4. Il ressort des pièces du dossier soumis aux juges du fond, et notamment des stipulations de l'ensemble des conventions que, si la commune de Toulouse a apporté des soutiens financiers significatifs et quantitativement importants à son cocontractant, celui-ci a toujours conservé un risque lié à l'exploitation de la galerie, son équilibre financier n'étant pas garanti par les sommes apportées par la commune. L'association a ainsi supporté les aléas de la gestion du musée et a subi des pertes d'exploitation ayant conduit à son placement en procédure de redressement judicaire. Il s'ensuit qu'en jugeant que les conventions conclues entre celle-ci et la commune ne lui transféraient pas un risque d'exploitation et en en déduisant qu'elles ne constituaient pas des délégations de service public, le tribunal administratif a inexactement qualifié les faits qui lui étaient soumis. Son jugement doit, par suite, être annulé, sans qu'il soit besoin de se prononcer sur les autres moyens du pourvoi.

5. Il y a lieu, dans les circonstances de l'espèce, de régler l'affaire au fond en application de l'article L. 821-2 du code de justice administrative.
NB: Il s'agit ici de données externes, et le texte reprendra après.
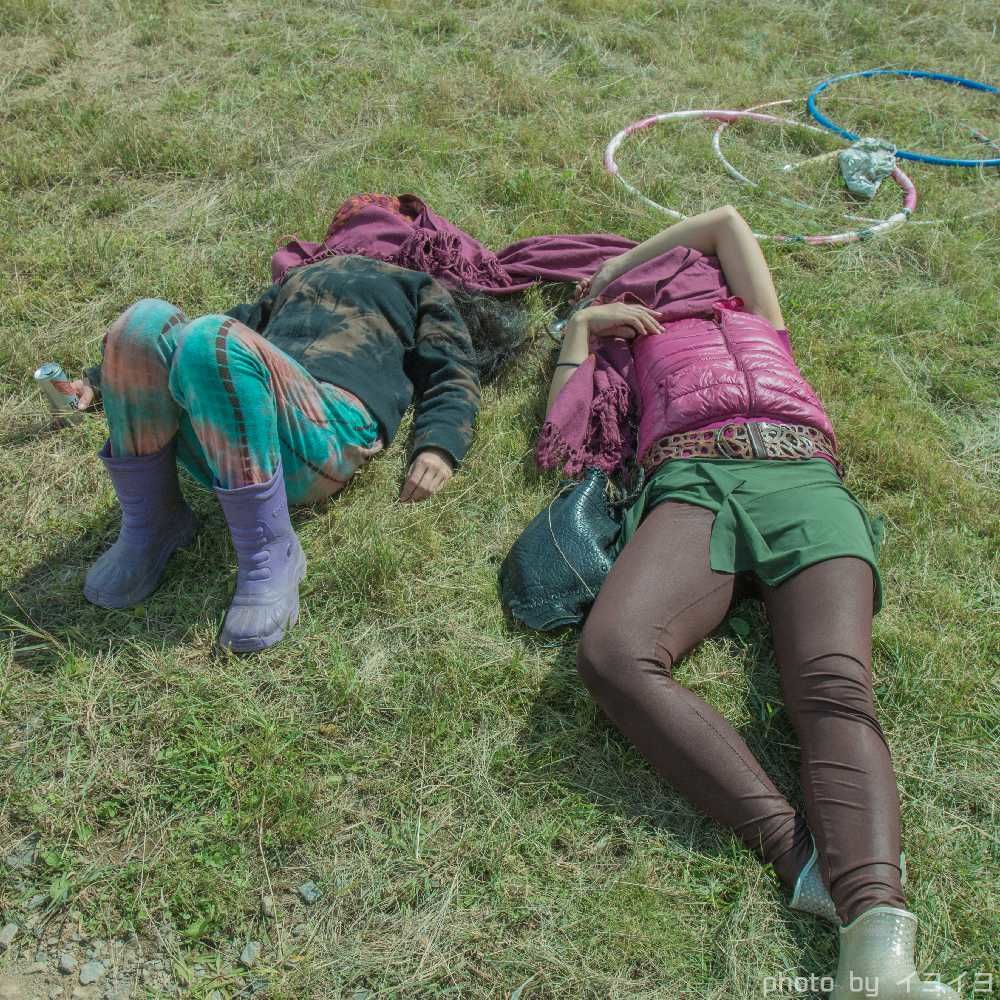 アウトドアフェス会場ので遊び疲れて眠るパーティピーポー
Sur la qualification des conventions en cause :

6. D'une part, il résulte de l'instruction, notamment des stipulations des conventions signées entre la commune de Toulouse et l'association PACE entre 1985 et 2019, que ces contrats ont eu pour objet de confier à l'association l'exploitation d'un musée de la photographie créé à l'initiative de la commune et dont elle avait assuré directement la gestion de 1978 à 1985, qu'elle a ensuite reprise à compter du 1er janvier 2020. L'association PACE a assuré cette exploitation sous le contrôle de la commune de Toulouse, qui a défini ses missions et objectifs en cohérence avec ceux de la politique culturelle municipale, veillé à ce que l'action et la communication de la galerie s'opèrent en coordination étroite avec les services de la commune et conditionné ses soutiens matériels et financiers à la production régulière de comptes rendus d'activité et états financiers. La commune a ainsi confié la gestion d'un service public muséal à l'association PACE. D'autre part, ainsi qu'il a été dit au point 4, l'association a supporté un risque d'exploitation en assurant la gestion du musée de la photographie pour le compte de la commune de Toulouse. Il s'ensuit que les conventions conclues entre la commune et l'association PACE doivent être qualifiée de délégation de service public.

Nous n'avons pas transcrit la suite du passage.